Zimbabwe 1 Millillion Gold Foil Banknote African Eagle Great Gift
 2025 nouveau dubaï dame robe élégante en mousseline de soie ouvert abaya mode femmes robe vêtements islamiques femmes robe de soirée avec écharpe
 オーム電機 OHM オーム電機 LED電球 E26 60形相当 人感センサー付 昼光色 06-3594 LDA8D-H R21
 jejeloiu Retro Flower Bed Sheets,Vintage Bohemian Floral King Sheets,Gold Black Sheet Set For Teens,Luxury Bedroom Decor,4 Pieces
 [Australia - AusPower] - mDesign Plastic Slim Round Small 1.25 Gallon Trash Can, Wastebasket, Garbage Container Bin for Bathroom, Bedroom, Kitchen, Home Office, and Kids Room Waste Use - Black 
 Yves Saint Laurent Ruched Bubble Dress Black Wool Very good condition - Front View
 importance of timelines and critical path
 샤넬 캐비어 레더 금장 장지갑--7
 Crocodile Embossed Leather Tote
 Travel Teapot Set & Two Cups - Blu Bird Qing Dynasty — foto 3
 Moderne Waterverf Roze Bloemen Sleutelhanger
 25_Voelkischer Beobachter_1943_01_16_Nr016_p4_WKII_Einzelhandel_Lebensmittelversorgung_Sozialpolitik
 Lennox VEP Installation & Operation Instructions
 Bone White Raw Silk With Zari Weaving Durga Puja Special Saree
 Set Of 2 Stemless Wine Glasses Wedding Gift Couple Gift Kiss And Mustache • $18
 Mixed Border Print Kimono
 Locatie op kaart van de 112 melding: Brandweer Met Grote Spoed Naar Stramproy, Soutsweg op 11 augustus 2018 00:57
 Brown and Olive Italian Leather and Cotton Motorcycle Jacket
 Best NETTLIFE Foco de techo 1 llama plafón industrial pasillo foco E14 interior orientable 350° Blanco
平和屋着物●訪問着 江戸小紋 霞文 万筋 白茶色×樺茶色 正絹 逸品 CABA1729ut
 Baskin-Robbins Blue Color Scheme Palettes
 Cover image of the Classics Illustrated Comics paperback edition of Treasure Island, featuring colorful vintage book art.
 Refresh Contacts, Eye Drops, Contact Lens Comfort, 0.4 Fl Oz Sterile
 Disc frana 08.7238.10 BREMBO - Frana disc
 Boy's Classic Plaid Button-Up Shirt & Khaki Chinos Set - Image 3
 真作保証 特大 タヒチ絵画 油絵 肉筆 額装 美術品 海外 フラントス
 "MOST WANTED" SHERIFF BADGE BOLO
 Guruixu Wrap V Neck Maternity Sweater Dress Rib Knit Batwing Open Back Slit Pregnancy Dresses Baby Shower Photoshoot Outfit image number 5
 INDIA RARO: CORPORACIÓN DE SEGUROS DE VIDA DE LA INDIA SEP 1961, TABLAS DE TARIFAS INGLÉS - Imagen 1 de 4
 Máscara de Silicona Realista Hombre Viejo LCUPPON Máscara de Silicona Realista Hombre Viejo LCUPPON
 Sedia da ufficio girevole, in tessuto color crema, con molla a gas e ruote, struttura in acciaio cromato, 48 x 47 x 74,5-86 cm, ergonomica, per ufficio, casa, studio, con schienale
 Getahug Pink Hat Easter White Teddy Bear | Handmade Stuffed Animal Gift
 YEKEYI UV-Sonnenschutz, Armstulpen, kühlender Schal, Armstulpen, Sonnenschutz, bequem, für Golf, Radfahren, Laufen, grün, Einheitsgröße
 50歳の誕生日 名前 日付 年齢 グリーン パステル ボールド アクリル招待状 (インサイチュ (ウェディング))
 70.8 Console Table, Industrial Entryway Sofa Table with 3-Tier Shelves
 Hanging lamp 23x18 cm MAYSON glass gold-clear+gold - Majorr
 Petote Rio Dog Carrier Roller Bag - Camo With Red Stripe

(TASK OBJECTIVE): Copy the lines above exactly, beginning at the line that has "Crocodile Embossed Leather Tote" and stopping after the line that has "INDIA RARO: CORPORACIÓN", and omit the rest.

(EXERCISE RESULT):
 Crocodile Embossed Leather Tote
 Travel Teapot Set & Two Cups - Blu Bird Qing Dynasty — foto 3
 Moderne Waterverf Roze Bloemen Sleutelhanger
 25_Voelkischer Beobachter_1943_01_16_Nr016_p4_WKII_Einzelhandel_Lebensmittelversorgung_Sozialpolitik
 Lennox VEP Installation & Operation Instructions
 Bone White Raw Silk With Zari Weaving Durga Puja Special Saree
 Set Of 2 Stemless Wine Glasses Wedding Gift Couple Gift Kiss And Mustache • $18
 Mixed Border Print Kimono
 Locatie op kaart van de 112 melding: Brandweer Met Grote Spoed Naar Stramproy, Soutsweg op 11 augustus 2018 00:57
 Brown and Olive Italian Leather and Cotton Motorcycle Jacket
 Best NETTLIFE Foco de techo 1 llama plafón industrial pasillo foco E14 interior orientable 350° Blanco
平和屋着物●訪問着 江戸小紋 霞文 万筋 白茶色×樺茶色 正絹 逸品 CABA1729ut
 Baskin-Robbins Blue Color Scheme Palettes
 Cover image of the Classics Illustrated Comics paperback edition of Treasure Island, featuring colorful vintage book art.
 Refresh Contacts, Eye Drops, Contact Lens Comfort, 0.4 Fl Oz Sterile
 Disc frana 08.7238.10 BREMBO - Frana disc
 Boy's Classic Plaid Button-Up Shirt & Khaki Chinos Set - Image 3
 真作保証 特大 タヒチ絵画 油絵 肉筆 額装 美術品 海外 フラントス
 "MOST WANTED" SHERIFF BADGE BOLO
 Guruixu Wrap V Neck Maternity Sweater Dress Rib Knit Batwing Open Back Slit Pregnancy Dresses Baby Shower Photoshoot Outfit image number 5
 INDIA RARO: CORPORACIÓN DE SEGUROS DE VIDA DE LA INDIA SEP 1961, TABLAS DE TARIFAS INGLÉS - Imagen 1 de 4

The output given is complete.